AIM OF THE EXERCISE:
Would you return, word for word, the lines running from the one with "Girls UK Size" to the final line of the listing below, pictures omitted?

DATA SECTION:
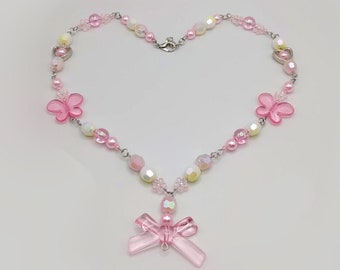 Dainty fairycore cottagecore coquette bow necklace pink yellow spring fairy princess easter butterfly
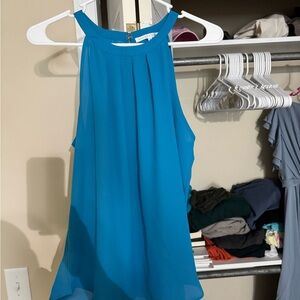 Blue Halter Neck Chiffon Tank Top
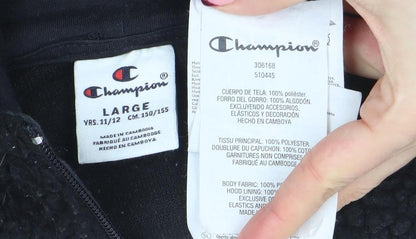 Girls UK Size L Champion Black Pullover Hoodie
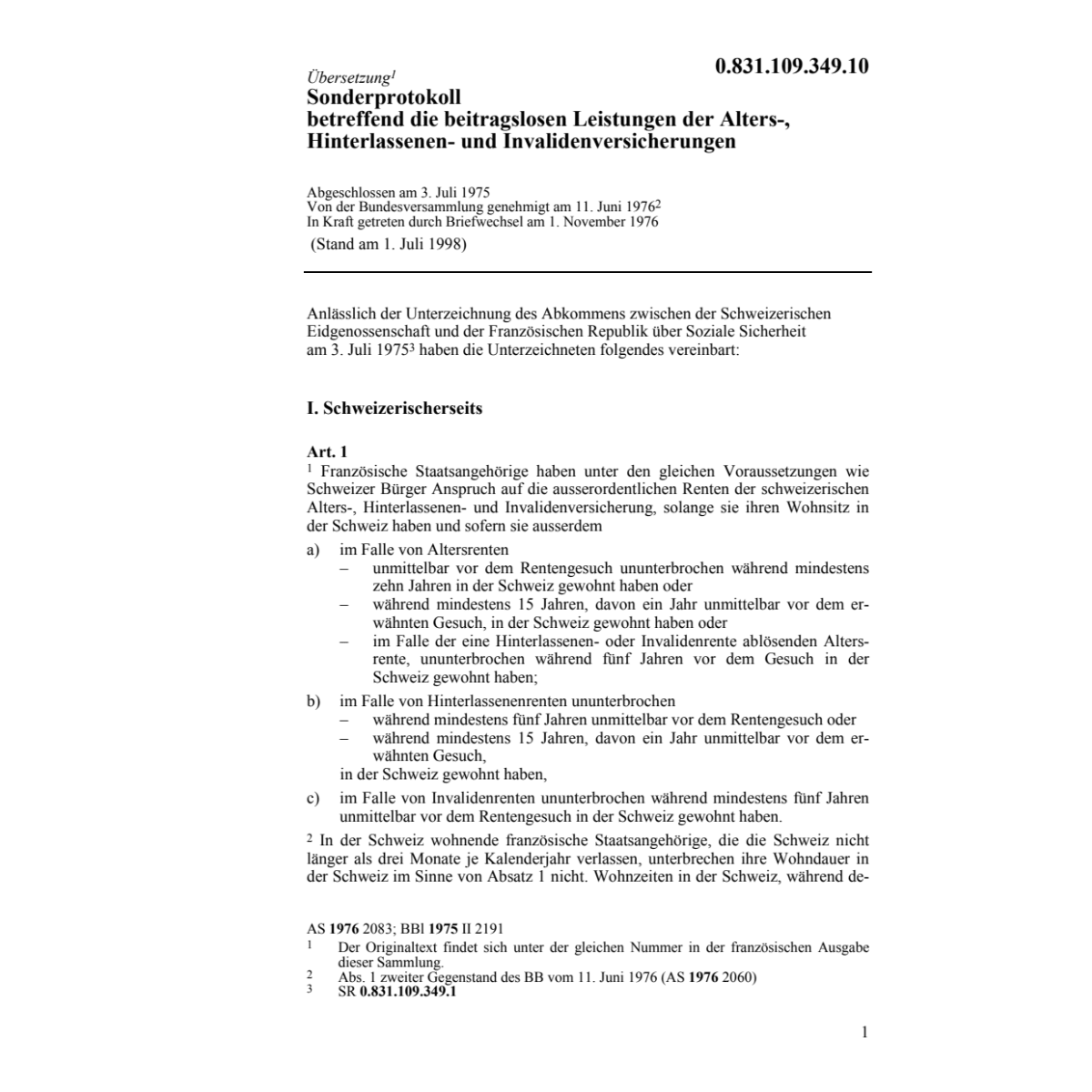 Sonderprotokoll Leistungen AHIV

ANSWER FOR THIS EXERCISE:
 Girls UK Size L Champion Black Pullover Hoodie
 Sonderprotokoll Leistungen AHIV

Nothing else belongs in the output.